Introduction

So many times I’ve heart people mentioning aligned memory access. I even protected memory alignment considerations when argued over some software design with my colleagues. I wanted to add few padding bytes into some packed structure to make the structure memory aligned and my colleagues could not understand why I am doing this. This is when I started wondering why I am bothering anyway. I mean, this memory alignment thing, it probably does something useful, but on some esoteric architectures like ALPHA and alike. Do I really need it on x86?

I’ve seen some reports about effects of aligned memory access, yet I couldn’t find some numbers that give a handy indication. I did find lots of university papers with lots of Greek letters and some complex formulas, few books dedicated to the subject and some documents about how bad unaligned memory access is. But really, how bad it is?

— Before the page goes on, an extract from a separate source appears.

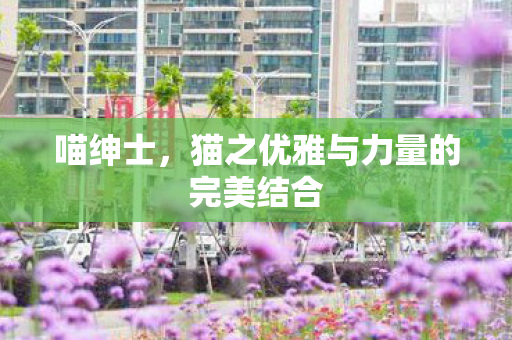 喵绅士，猫之优雅与力量的完美结合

So, I decided to check things myself.

What I wanted to see is how much objective time it takes for the CPU to complete an aligned memory access versus a unaligned memory access. By objective time I mean same thing you see on your watch. Yet, since what I am interested in is actually a ratio, we can safely drop the time units. I wanted to test things on x86. No Sparcs and ALPHAs. Sorry mk68000 and PowerPC. Also, I wanted to test a native architecture memory unit: on 32-bit platform that would be reading/writing 32-bit long variable; on 64-bit platform that would be 64-bit long variable. Finally, I wanted to eliminate affects of L2 cache.

This is how I did the test.

The theory

What could be the problem you may ask?

The problem starts in the memory chip. Memory is capable to read certain number of bytes at a time. If you try to read from unaligned memory address, your request will cause RAM chip to do two read operations. For instance, assuming RAM works with units of 8 bytes, trying to read 8 bytes from relative offset of 5 will cause RAM chips to do two read operations. First will read bytes 0-7. Second will read bytes 8-15. As a result, the relatively slow memory access will become even slower.

Luckily hardware developers learned to overcome this problem long time ago. Actually the solution is not absolute and the ultimate problem remains. In modern computers CPU caches memory it reads. Memory cache build of 32 and 64 byte long cache lines. Even when you read just one byte from the memory, CPU reads a complete cache line and places it into the cache. This way reading 8 bytes from offset 5 or from offset 0 makes no difference – CPU reads 64 bytes in any case.

However things get not so pretty when you read from a memory address that is not on a cache line boundary. In that case CPU will read two complete cache lines. That is 128 bytes instead of only 8. This is a huge overhead and this is the overhead I would like to demonstrate you.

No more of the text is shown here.